• **TASK BRIEF**:
The answer should be the exact lines from the line containing "Hot Topic/Disney - ENG" through the last line of the material below, with no pictures.

• **MATERIAL SUPPLIED**:
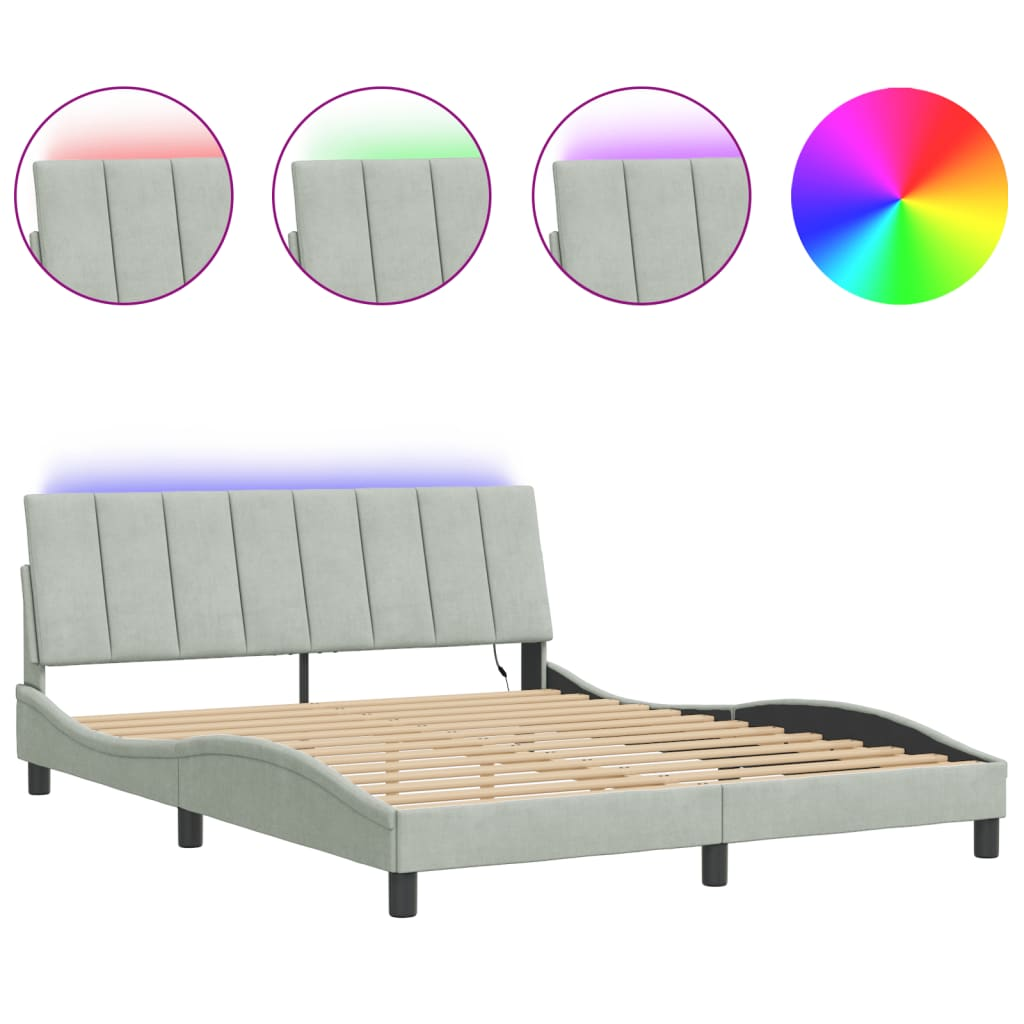 vidaXL Bed Frame with LED Lights Light Gray 59.8"x79.9" Queen Velvet, Goodies N Stuff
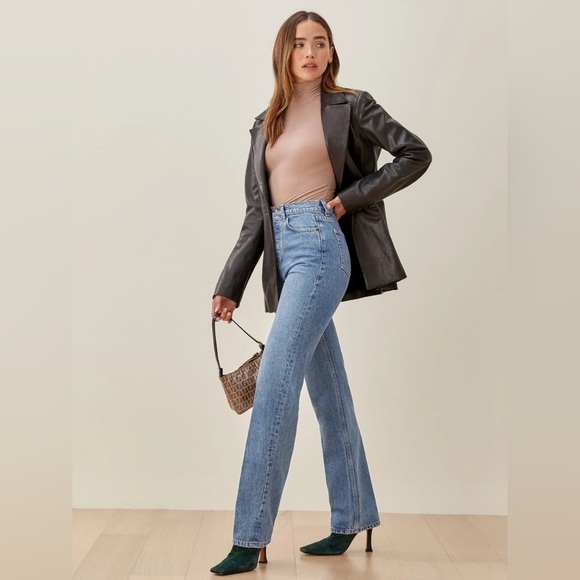 Reformation Cynthia High Rise Straight Long Jeans, Colorado Wash - Picture 1 of 13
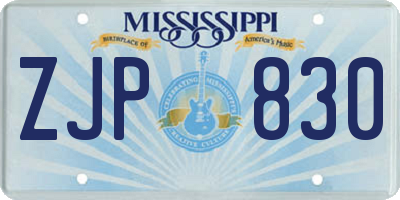 MS license plate ZJP830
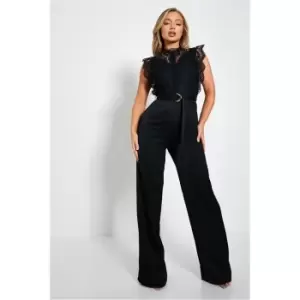 I Saw It First Lace Tie Waist Wide Leg Jumpsuit - Black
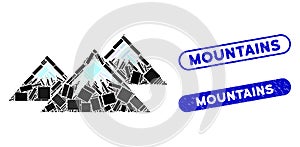 Rectangle Collage Icecap Mountains with Distress Mountains Seals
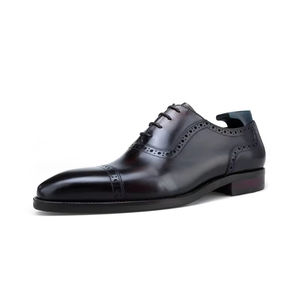 Chaussures Oxford en cuir véritable haut de gamme, style britannique, formelles, imperméables, respirantes, à lacets, pour hommes, bout pointu, fabriquées à la main - Product Image 2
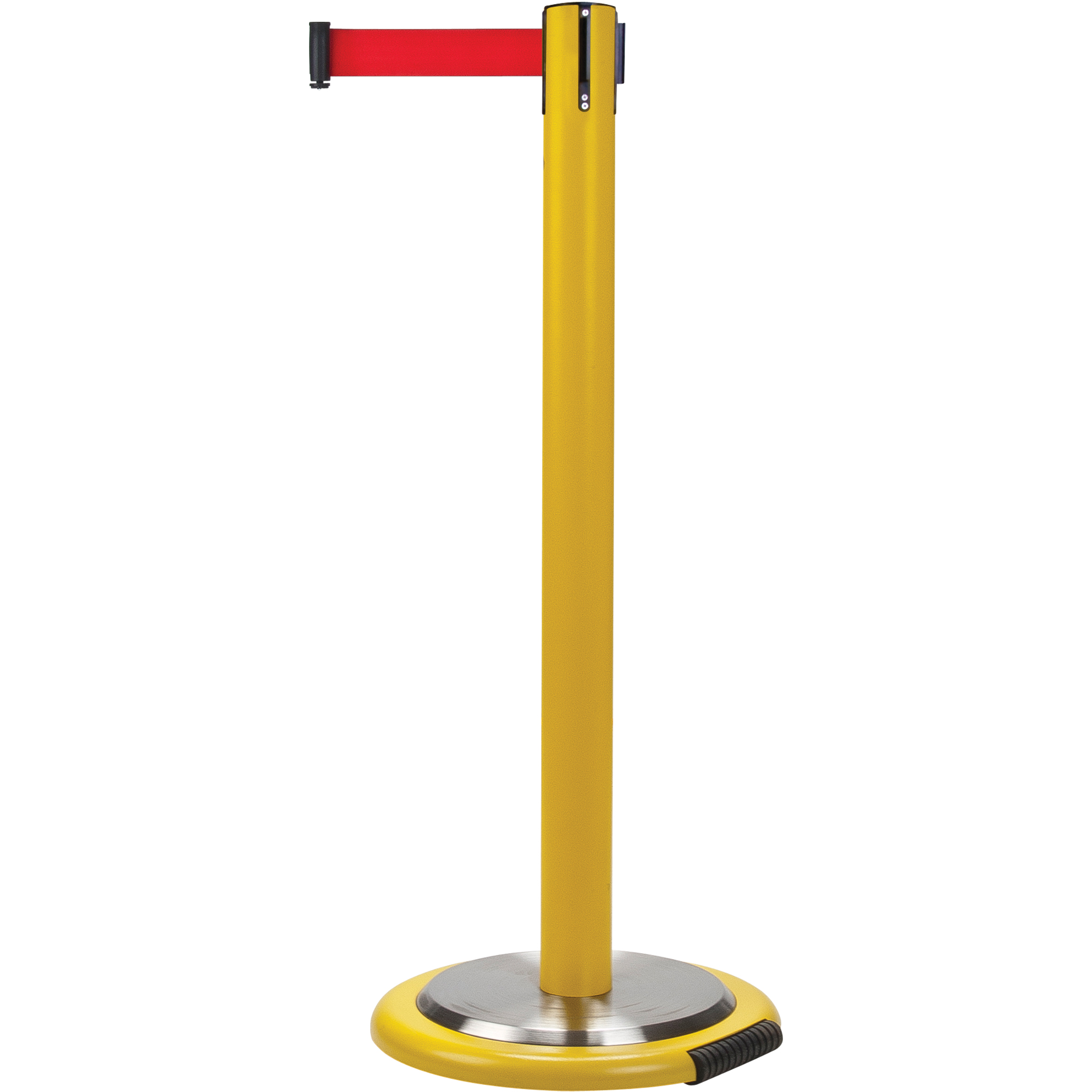 Barrières sur pieds pour le contrôle des foules, Acier, 35" h, Ruban Rouge, Longueur du ruban 12'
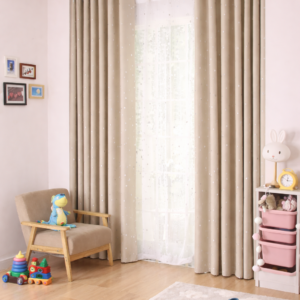 Ster gordijnen Ivoor wit - Leukekindergordijnen.nl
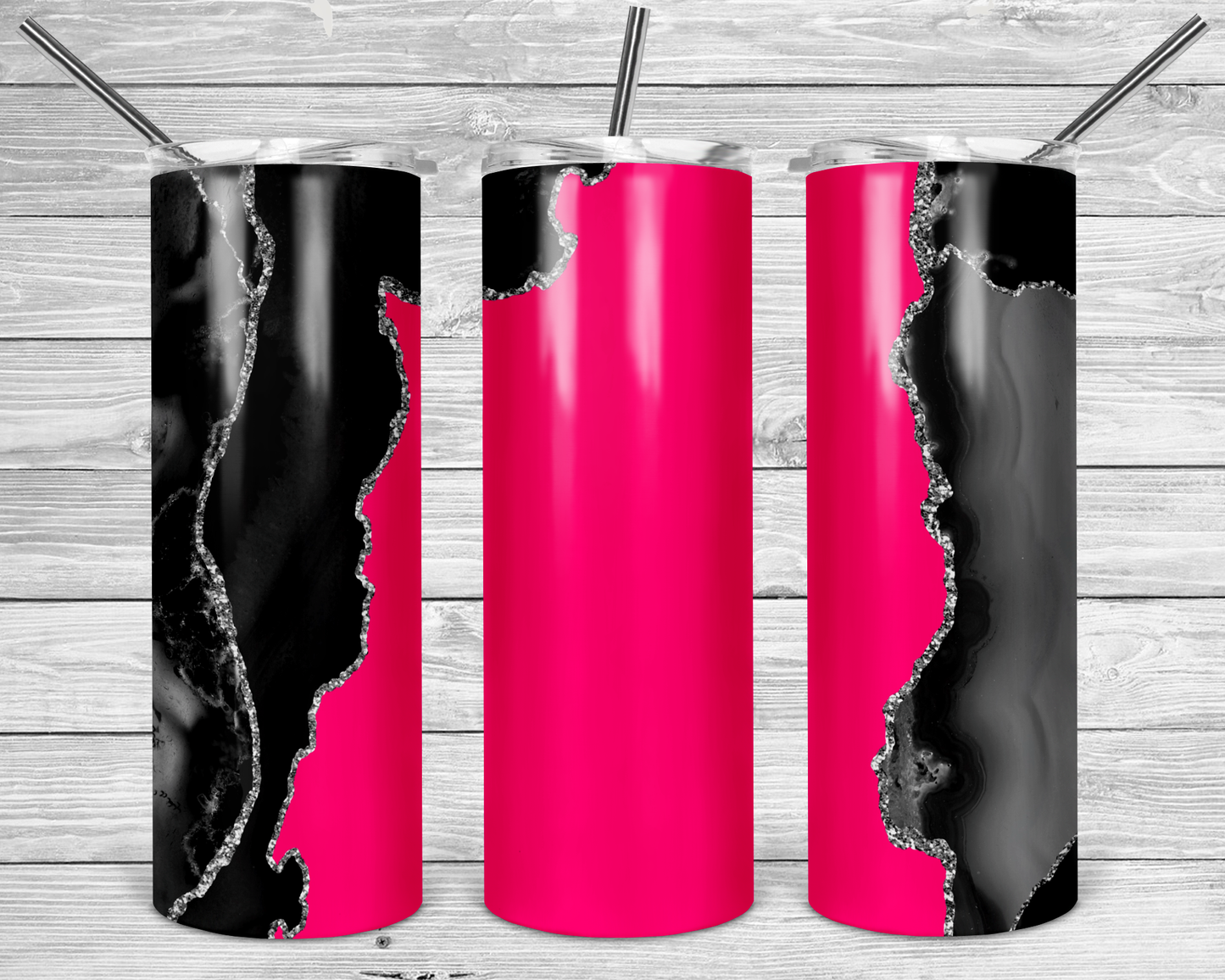 Pink & Black Marble Tumbler Mug Sippy Cup Bottle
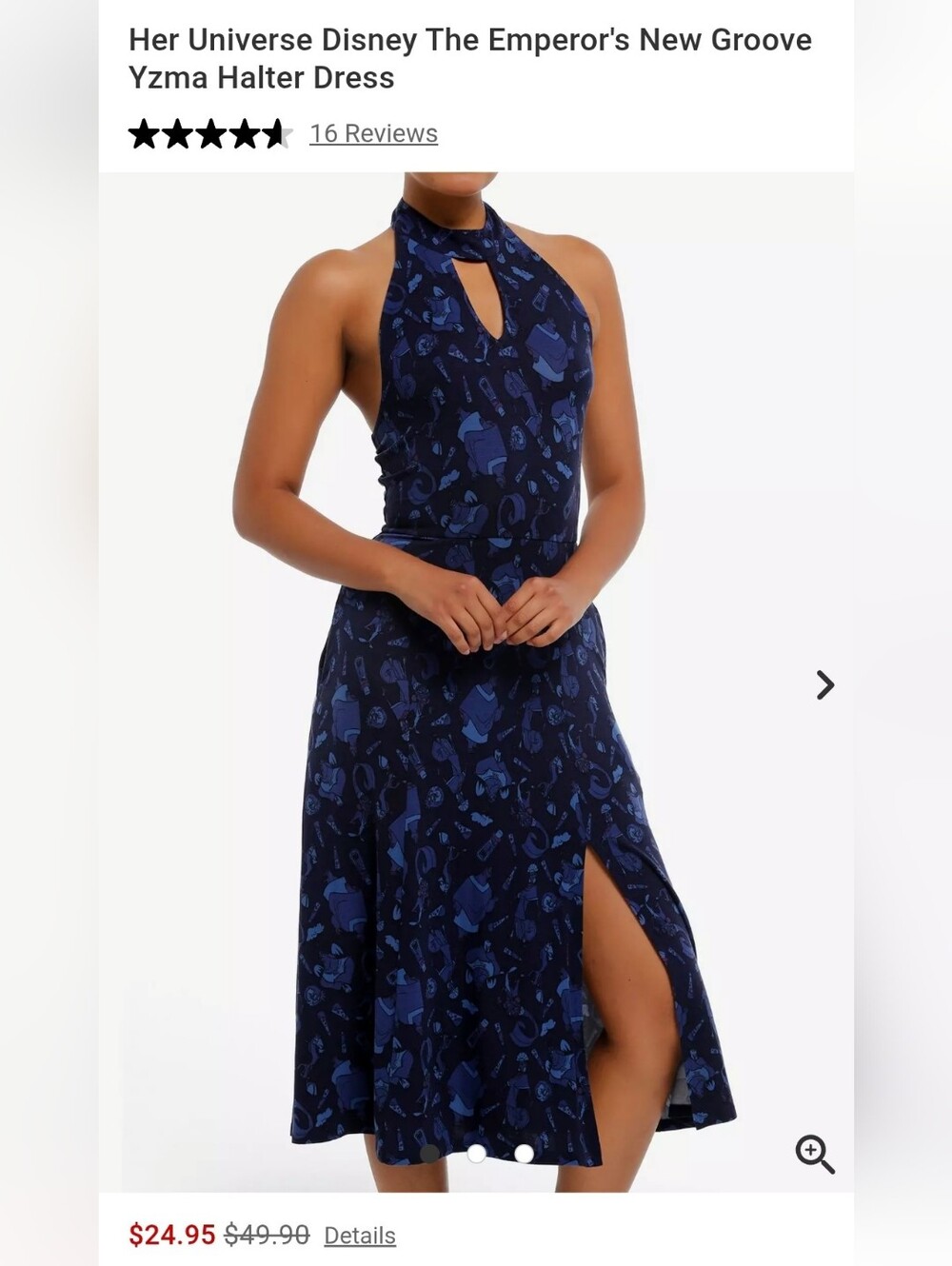 Hot Topic/Disney - ENG Yzma Navy Print Halter Midi Dress with Front Slit, 3X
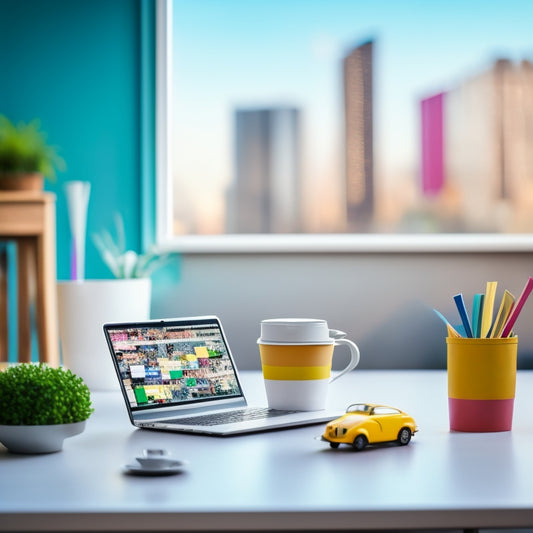 A minimalist illustration of a laptop on a modern desk, surrounded by scattered colorful sticky notes, a cup of coffee, and a miniature shopping cart, with a subtle cityscape background.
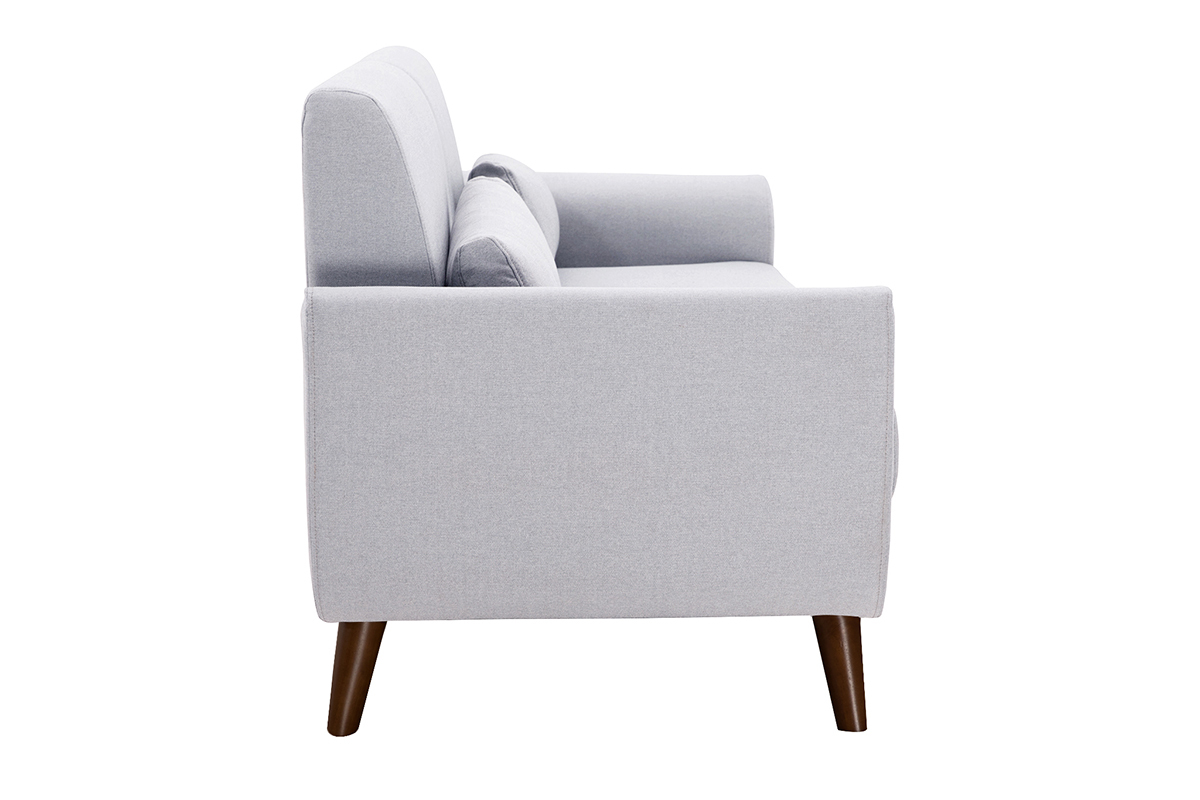 Divano scandinavo 3 posti in tessuto grigio chiaro e legno scuro EKTOR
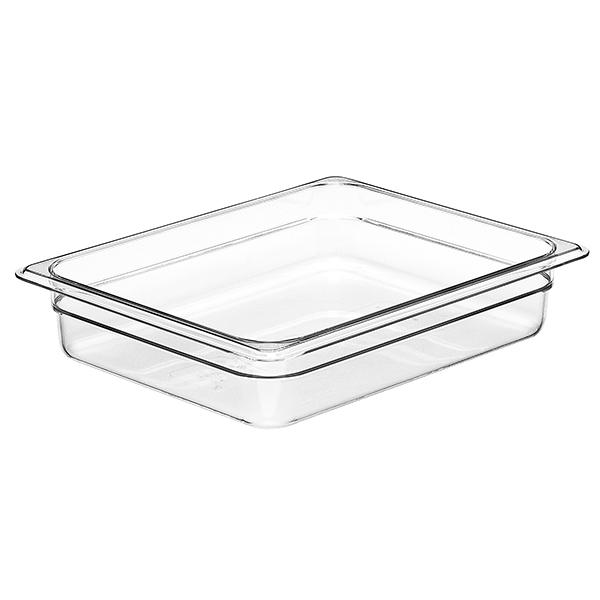 CAMBRO FOOD PAN CLEAR HALF SIZE 2.5 INCHES DEEP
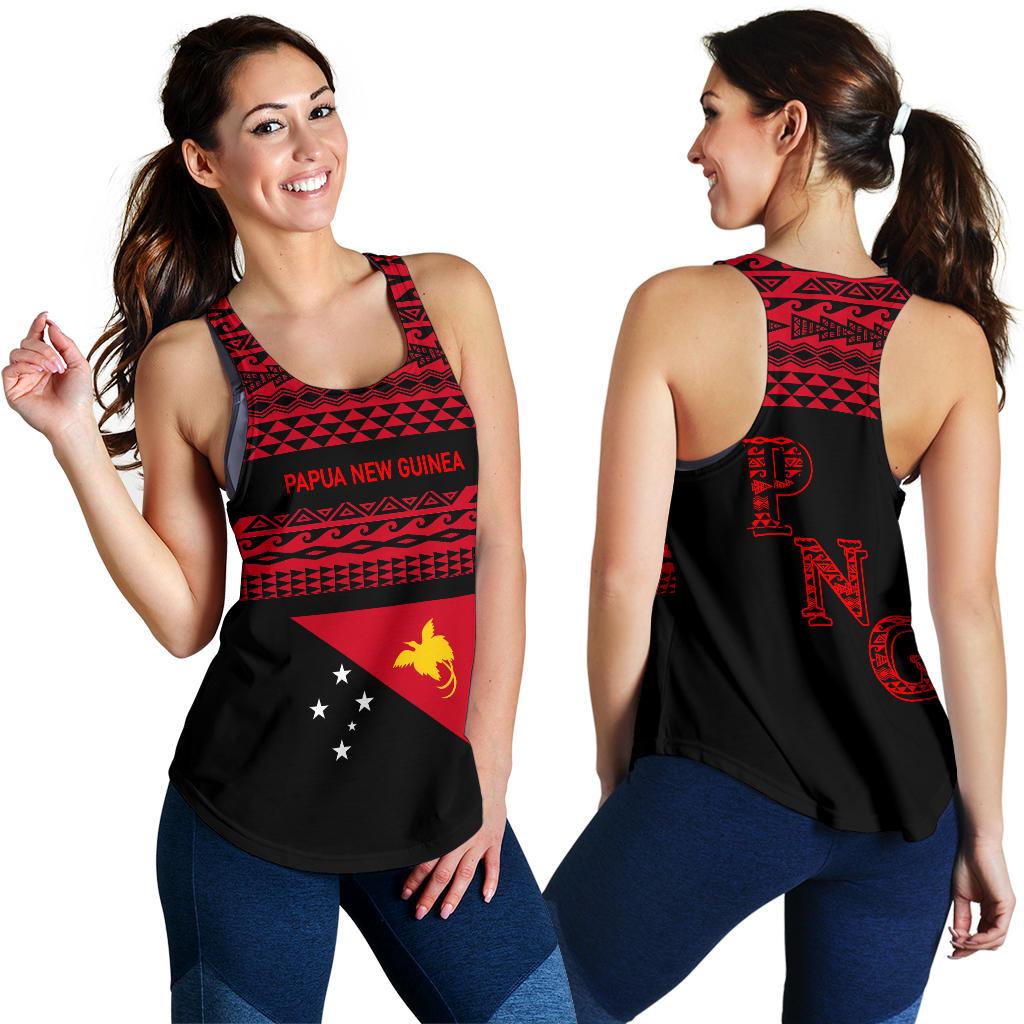 Papua New Guinea Women's Racerback Tank - Polynesian Style Black - Polynesian Pride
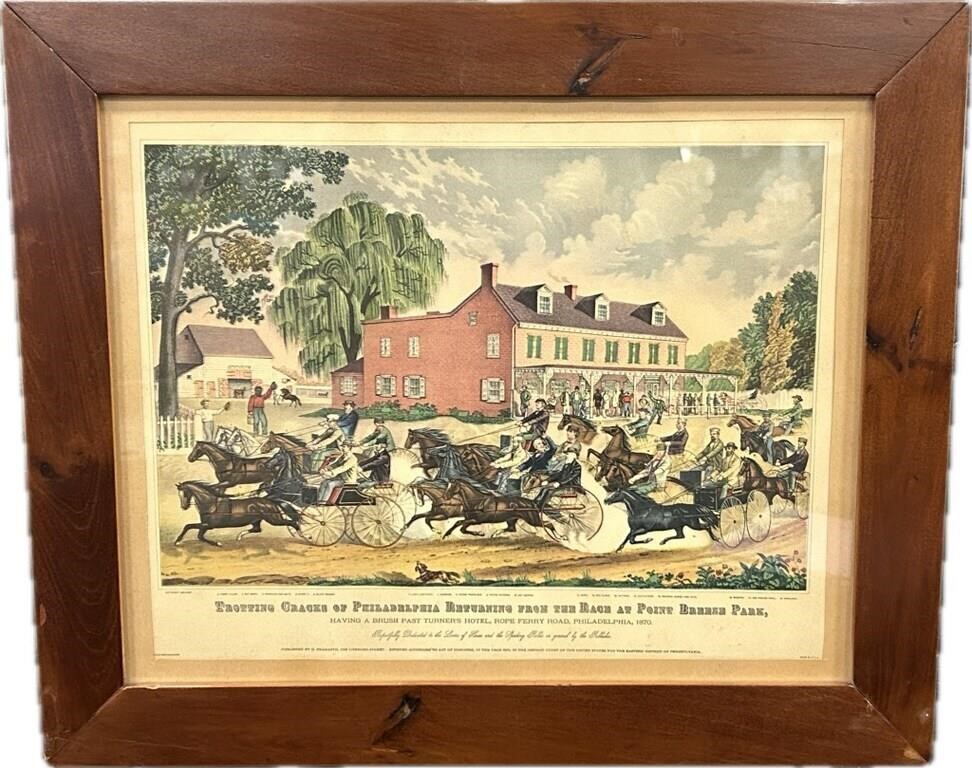 Antique Philadelphia Horse Race Lithograph.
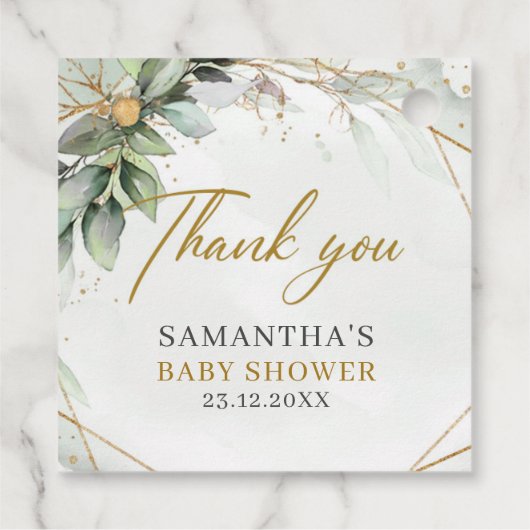 Boho Eukalyptus-Grünflächen Zweige Goldbabydusche Geschenkanhänger (Rückseite)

• **TASK SOLUTION**:
 Hot Topic/Disney - ENG Yzma Navy Print Halter Midi Dress with Front Slit, 3X
 A minimalist illustration of a laptop on a modern desk, surrounded by scattered colorful sticky notes, a cup of coffee, and a miniature shopping cart, with a subtle cityscape background.
 Divano scandinavo 3 posti in tessuto grigio chiaro e legno scuro EKTOR
 CAMBRO FOOD PAN CLEAR HALF SIZE 2.5 INCHES DEEP
 Papua New Guinea Women's Racerback Tank - Polynesian Style Black - Polynesian Pride
 Antique Philadelphia Horse Race Lithograph.
 Boho Eukalyptus-Grünflächen Zweige Goldbabydusche Geschenkanhänger (Rückseite)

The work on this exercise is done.